In its simplest sense, a progressive web app is a mobile app delivered through the web. It functions like a native app, due to the use of an app shell that allows for app-style gestures and navigations. The main difference is that there is no need to download it from an app store.
It runs, self-contained, right in a web browser. With the help of service workers, a progressive web app is able to load instantly, even in areas of low connectivity. With the help of pre-caching, the app stays up to date at all times, displaying the most recent version upon launching.
When native apps first came to market, people couldn’t get enough of them. It changed the way consumers interact with their mobile devices and with brands.

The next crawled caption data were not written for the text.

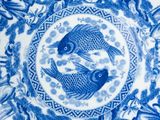 blue and white plate with two birds in a circle surrounded by palm trees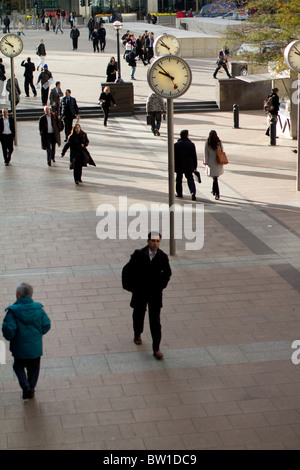 Orologi al di fuori di canary wharf stazione con i lavoratori della città , sei orologi pubblici, Konstantin Grcic, scultura, acciaio, vetro Foto Stock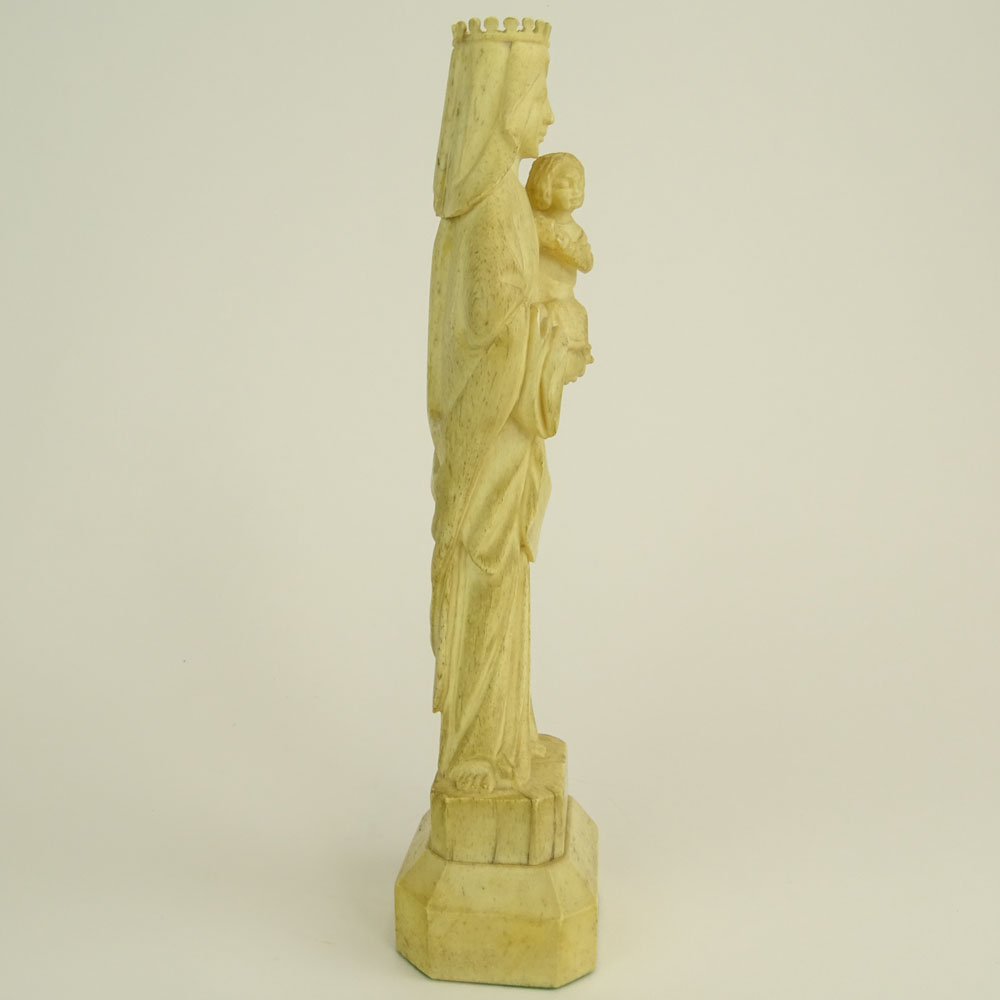 Antique Continental Carved Bone Figure of Madonna and Child.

UX design is particularly interested in user expectations. All of the experiences and interactions that users have had with every application they’ve used in their lives have helped set their expectations for how interfaces are supposed to work. If a UX designer isn’t intimately familiar with these expectations, they could inadvertently design an interface interaction that seems logical to them but breaks commonly accepted conventions. Users don’t like when an interface behaves very differently than they were expecting, and this could negatively impact their experience.

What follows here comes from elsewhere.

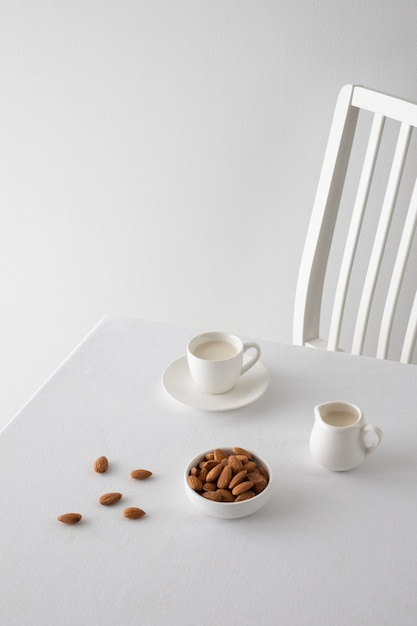 Photo gratuite arrangement de tasses à angle élevé et d'amandes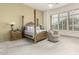Bright bedroom with a four-poster bed, plantation shutters, and cozy seating area at 7829 E Softwind Dr, Scottsdale, AZ 85255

If a UX designer decides to do something different, they need to have a very good reason, because breaking a deeply trained expected behavior will likely cause people to do the wrong thing frequently.
UI designers need to make sure the visual language they choose fits the class of application they’re writing. They’re trying to predict user expectations. If your team is designing a travel app, it’s important to research how other travel apps have been developed in the past. Which ones worked? Which ones didn’t? There are design lessons to be learned from the work others have done before.
Research might indicate that people prefer outlined icons instead of bold shapes. This is a visual shorthand that people are comfortable with and enjoy. UI designers would then do well to incorporate that lesson.